My failure to react frustrates him even more. He starts drinking all the alcohol he can find and lashes out pushing me around, hitting walls, and threatening to break valuables. I fight back at first, even try to punch him, but soon realize it’s useless. He takes my phone away so that I can’t call for help, and when I cower in my bunk, he harasses me, threatening more violence for hours.
When I open my eyes early the next morning, Rainui is sitting in the cockpit, still drinking, and having trouble holding himself upright. I can’t believe I’m in this nightmare. I have to get away, but I know he will stop me from taking the dinghy. I sneak out the forward hatch, planning to swim for shore to get help. At the bow, I hear the whiz of Kepi’s Jet Ski as she’s taking her friends out for a surf. I wave my arms wildly to hail her without making a sound. I’m relieved when she makes a sharp turn toward Swell. Grief is written across my face.
“Are you okay? What happened?” she says. I can hardly speak. My words are stuck in the shock and sadness that clogs my throat.
“Help me ,” is all I can manage to choke out. “I wanted to call you but he took my phone.”
Without hesitation, she whips the ski around toward the cockpit and calls to Rainui in French, “Hey! Yeah, you! You’re going to give back her phone right now. Then you either get on this ski and I’ll take you to shore, or I’m going to get my husband.”
He turns to me to defend him and I look away. “Get your bag together,” she warns him. “You’re getting off this boat.”
Shattered
Alone among the reminders of the evening’s hideous events, I wonder how on earth love can express itself in such an awful way. Our romance is shattered into Plexiglass splinters on the cabin floor from the cupboard door he smashed.
Kepi saved me that day, but also in the days to come again and again from sinking into a pit of painful memories, crippling emotions, regret, and self-pity. She picks me up to go surf early each morning, then brings her adorable kids over to swim and jump off of Swell in the afternoon. And each night, she invites me to join her family for dinner.
Over the next three weeks, living on my poor damaged Swell, I show myself that I can still do everything on my own.
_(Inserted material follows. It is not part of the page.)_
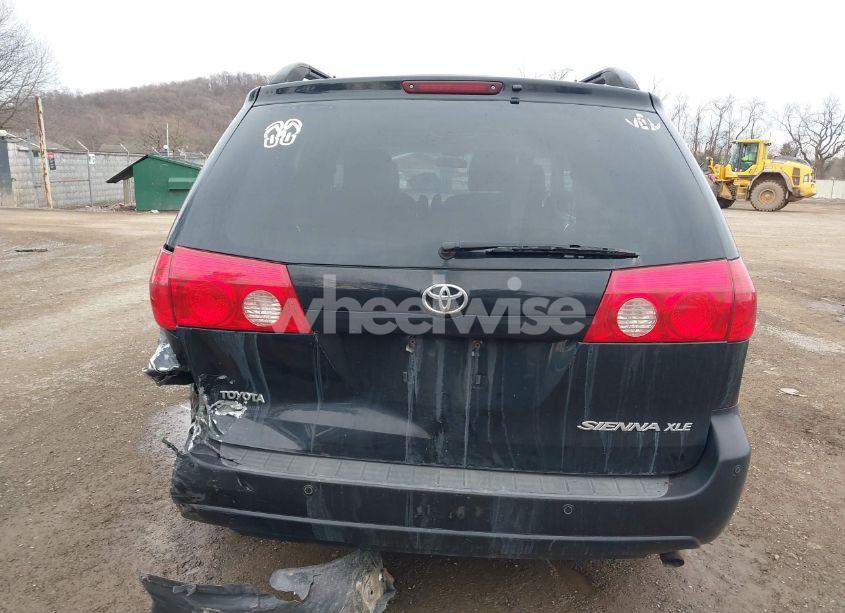 Photo 17 of 2008 Toyota Sienna XLE (VIN 5TDZK22C58S168438)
My injuries still annoy me, but like I did before Rainui, I find a way to take care of every task. Some days I lift the water jugs with tears in my eyes; other days I lift them with a fierce love of feeling free again. Some days I see the machete he left behind and feel sad; other days it makes me look away.
I don’t want to go anywhere near him ever again, but there’s one problem. The charter company that owns the offending catamaran is based near Rainui’s parents’ home. I have to go there for them to assess and repair the damage to Swell. I try to figure out an alternative, but there’s no way around this. So with a ticket to fly to California in five days, Swell limps back to the rental base with her cracked hull and damaged rig. I figure I have just enough time to get her hauled, get the repairs going, and get the hell out of there.